*What the task asks*: Only the lines from the one containing "Vintage Pocket Watch" to the end of the records belong in the copy. Reproduce them word for word and drop the pictures.

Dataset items
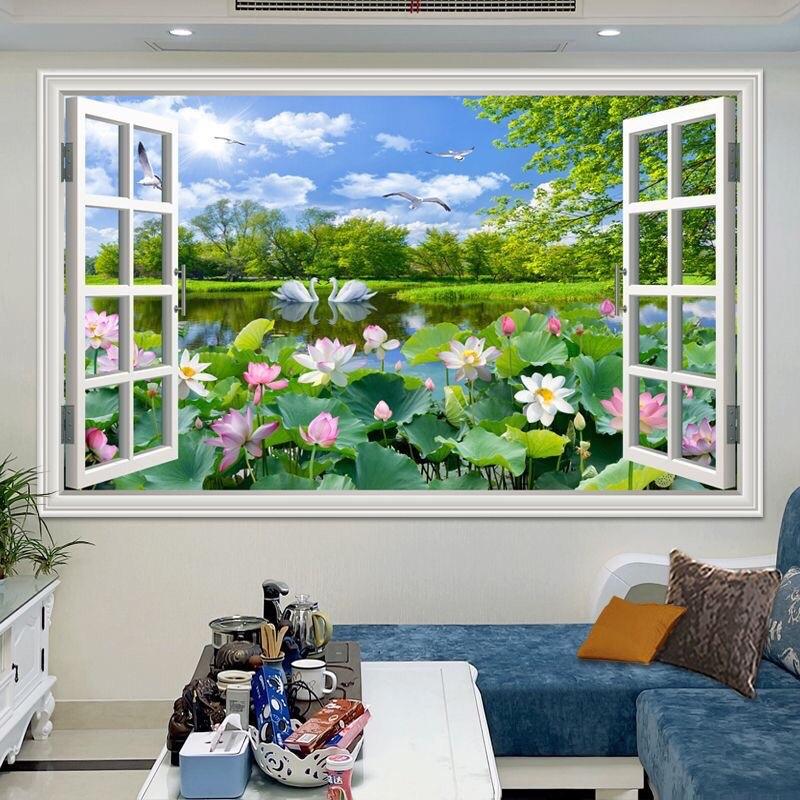  Tranh decal dán tường 3d cửa sổ sẵn keo dán   60x90cm  Decor 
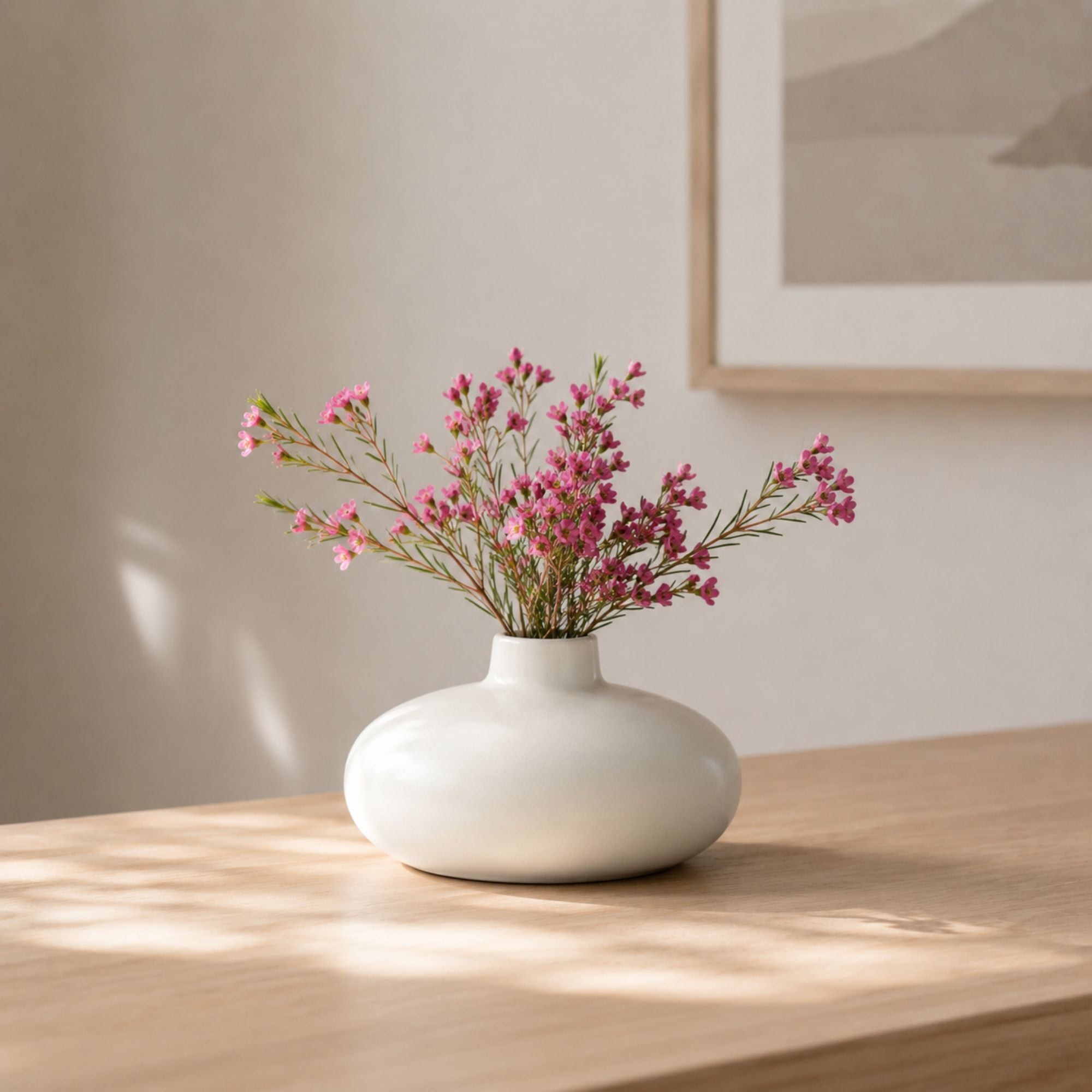 Luxury round ceramic flower vase in minimalist modern design held in hand against vibrant pink background for premium home décor and office styling.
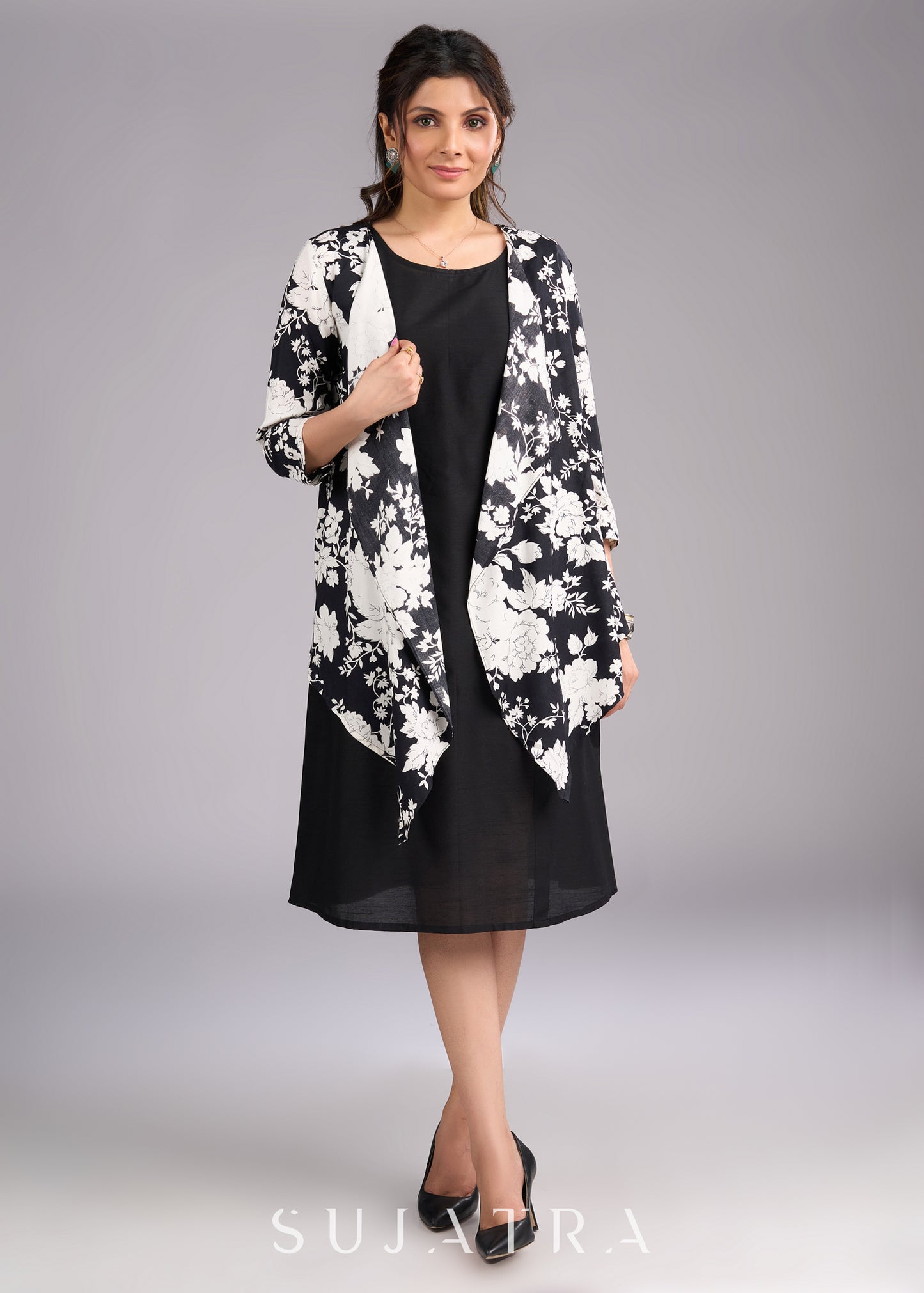 Timeless Monochrome Flowy Black and White Printed Viscose Shrug - Dress optional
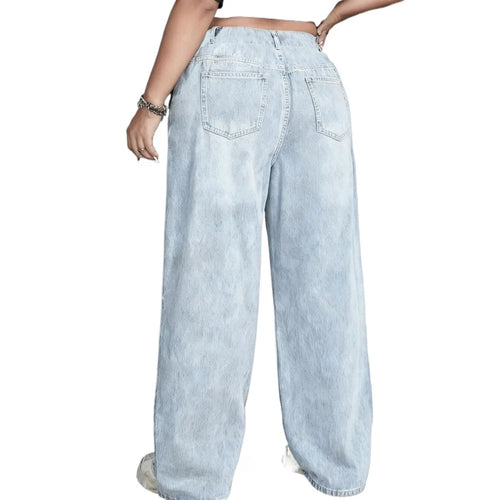 Autumn and Winter Women's High-waisted Jeans Retro Denim Casual Loose Style Y2K Fashionable Comfortable and Trendy Women's Wear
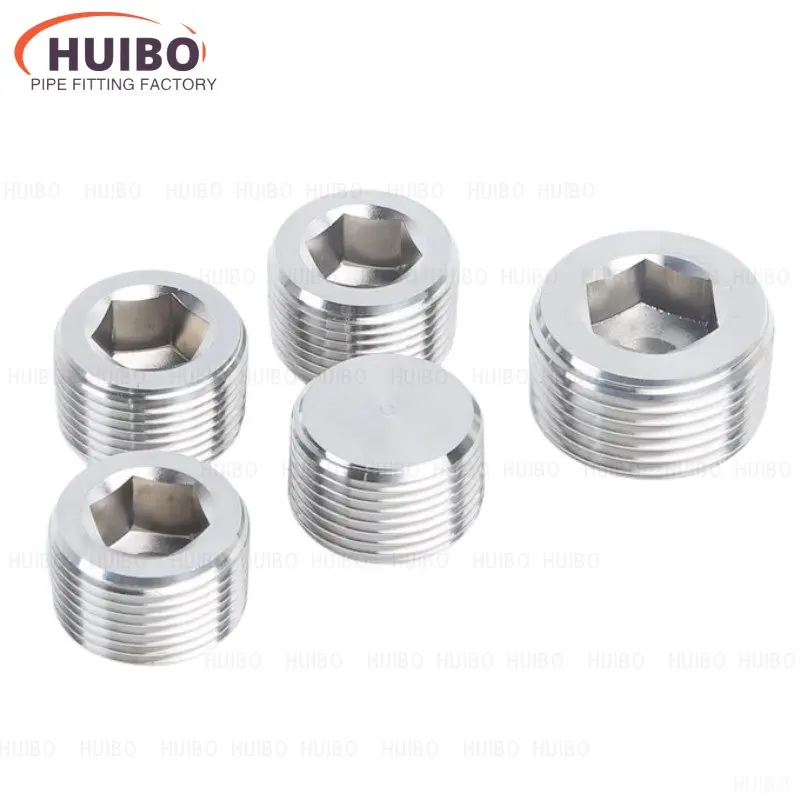 304 Stainless Steel Hexagon Pipe Connector 1/16 1/8 1/4 3/8 1/2 3/4 1-2 BSPT / NPT Male Countersunk End Plug Pneumatic Fitting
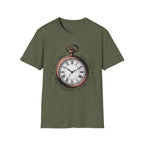 Vintage Pocket Watch T-Shirt, Unisex Graphic Tee, Timeless Gift, Casual Summer Wear, Retro Style Tee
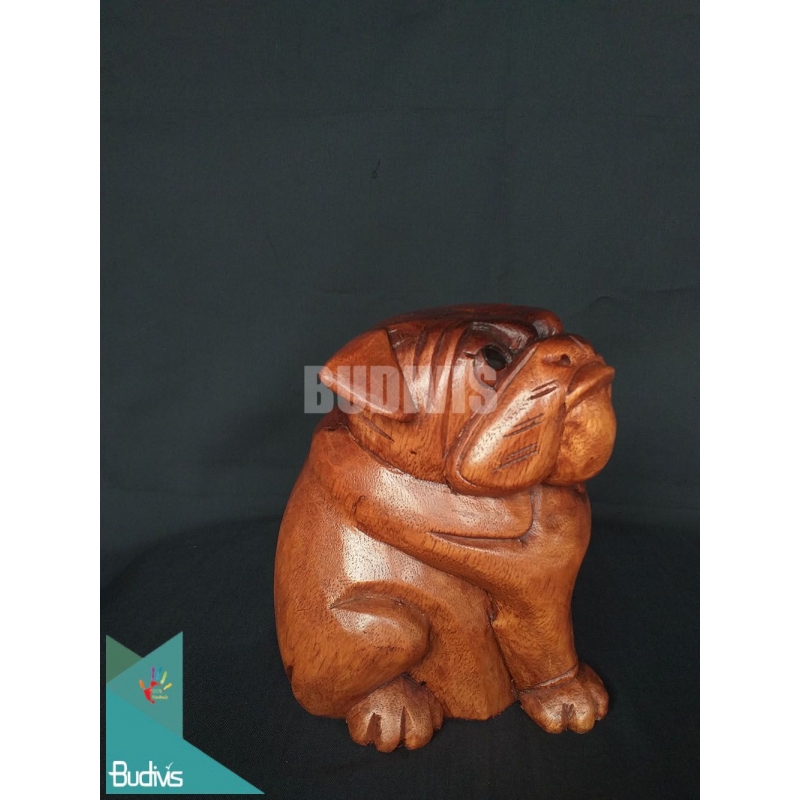 Indonesia Wood Carved Sitting Bulldog In Handmade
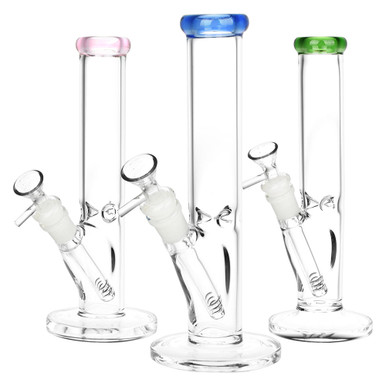 Classic Straight Tube Water Pipe - 4mm Thickness - 14mm F / Colors Vary
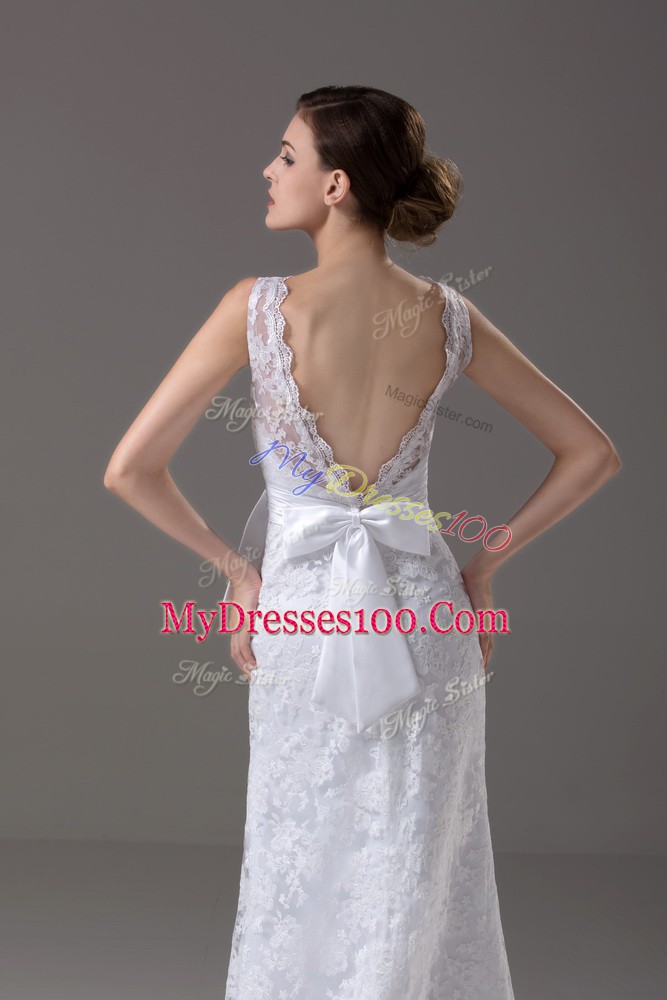 Ideal Column/Sheath Sleeveless White Wedding Dress Brush Train Backless
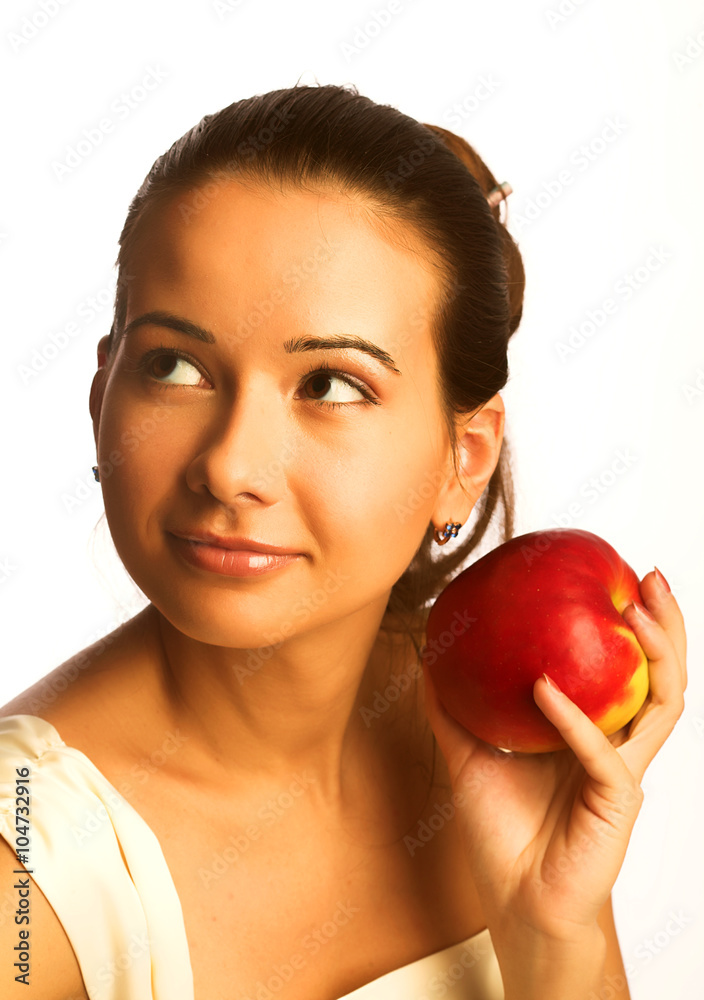Pretty young smiling woman with red apple. Pretty young smiling woman with red apple.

*Response for this exercise*:
 Vintage Pocket Watch T-Shirt, Unisex Graphic Tee, Timeless Gift, Casual Summer Wear, Retro Style Tee
 Indonesia Wood Carved Sitting Bulldog In Handmade
 Classic Straight Tube Water Pipe - 4mm Thickness - 14mm F / Colors Vary
 Ideal Column/Sheath Sleeveless White Wedding Dress Brush Train Backless
Pretty young smiling woman with red apple. Pretty young smiling woman with red apple.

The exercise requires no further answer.